The German government has refused for the first time to support German companies investing in China because of the human rights situation in Xinjiang province, Finance Minister Robert Habeck said today, leaving open the possibility of imposing sanctions on local officials.
“A company operating in the Uighur province wanted the (state) investment insurance extended” and the request was “not approved”, the minister explained to Die Welt. “This is the first time that investment insurance has not been implemented for human rights reasons,” he added.
Without these guarantees, a company assumes the entire investment risk of financing a project abroad.
Neither Hubeck nor his ministry indicated which company the decision concerned. Citing unnamed sources, Der Spiegel writes that it is the Volkswagen car industry. The company opened a factory in 2013 in Urumqi, the capital of Xinjiang, where Chinese authorities are accused of suppressing the Muslim Uighur minority.
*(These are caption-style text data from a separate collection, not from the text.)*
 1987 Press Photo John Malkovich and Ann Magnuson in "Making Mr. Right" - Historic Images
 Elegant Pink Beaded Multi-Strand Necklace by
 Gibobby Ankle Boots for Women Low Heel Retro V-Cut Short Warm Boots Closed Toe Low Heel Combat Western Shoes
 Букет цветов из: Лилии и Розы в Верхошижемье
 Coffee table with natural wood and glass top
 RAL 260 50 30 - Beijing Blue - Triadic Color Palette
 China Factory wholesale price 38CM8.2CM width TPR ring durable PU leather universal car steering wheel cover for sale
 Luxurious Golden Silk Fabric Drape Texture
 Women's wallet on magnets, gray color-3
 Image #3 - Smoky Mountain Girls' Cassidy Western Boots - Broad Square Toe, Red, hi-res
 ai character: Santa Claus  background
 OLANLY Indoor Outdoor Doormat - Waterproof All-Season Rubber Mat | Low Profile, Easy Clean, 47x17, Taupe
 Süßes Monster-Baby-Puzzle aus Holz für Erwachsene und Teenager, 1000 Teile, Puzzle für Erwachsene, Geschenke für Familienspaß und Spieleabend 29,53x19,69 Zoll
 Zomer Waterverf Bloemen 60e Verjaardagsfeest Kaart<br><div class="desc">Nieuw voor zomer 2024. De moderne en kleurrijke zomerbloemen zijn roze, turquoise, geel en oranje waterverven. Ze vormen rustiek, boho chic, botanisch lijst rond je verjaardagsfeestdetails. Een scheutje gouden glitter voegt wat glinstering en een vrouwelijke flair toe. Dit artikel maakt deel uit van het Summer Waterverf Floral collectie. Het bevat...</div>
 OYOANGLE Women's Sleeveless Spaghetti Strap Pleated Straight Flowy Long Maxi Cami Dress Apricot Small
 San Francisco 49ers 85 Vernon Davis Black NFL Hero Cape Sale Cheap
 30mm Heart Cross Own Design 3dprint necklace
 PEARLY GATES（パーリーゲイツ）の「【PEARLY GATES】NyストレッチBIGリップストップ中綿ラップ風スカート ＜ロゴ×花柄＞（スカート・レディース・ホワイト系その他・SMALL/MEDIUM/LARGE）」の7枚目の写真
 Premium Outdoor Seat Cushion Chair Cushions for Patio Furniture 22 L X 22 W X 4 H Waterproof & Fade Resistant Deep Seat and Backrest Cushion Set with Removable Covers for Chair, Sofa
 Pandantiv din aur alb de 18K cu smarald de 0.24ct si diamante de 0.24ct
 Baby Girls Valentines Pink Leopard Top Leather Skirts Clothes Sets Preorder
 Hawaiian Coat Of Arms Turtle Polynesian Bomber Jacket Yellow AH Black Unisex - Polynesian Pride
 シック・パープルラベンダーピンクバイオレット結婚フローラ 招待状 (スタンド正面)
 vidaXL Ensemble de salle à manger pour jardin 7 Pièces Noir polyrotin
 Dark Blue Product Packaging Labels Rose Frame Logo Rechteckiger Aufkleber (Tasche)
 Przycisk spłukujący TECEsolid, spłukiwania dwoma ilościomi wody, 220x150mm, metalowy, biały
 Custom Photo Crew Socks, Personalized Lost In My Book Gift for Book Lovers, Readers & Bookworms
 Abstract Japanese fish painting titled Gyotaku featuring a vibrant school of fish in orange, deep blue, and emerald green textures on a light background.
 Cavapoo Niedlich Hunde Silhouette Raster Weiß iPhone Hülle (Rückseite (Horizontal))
Western investigators have accused Beijing of sending one million Uighurs and members of other Muslim minorities to “re-education camps” where they are “forced to work” or “forced to be sterilized”. The United States even spoke of “genocide.” China, for its part, says the studies are biased and speaks of “vocational training centers” aimed at eliminating extremist tendencies.
Volkswagen CEO Herbert Dees recently assured in an interview with the American television network CBS that “there is no forced labor” in the company’s factory. “We want to keep the factory open” because I think it ‘s better for the locals to stay there, “he said.
The Berlin decision does not affect Volkswagen’s investment plans in China, writes Der Spiegel, citing a source in the automotive industry.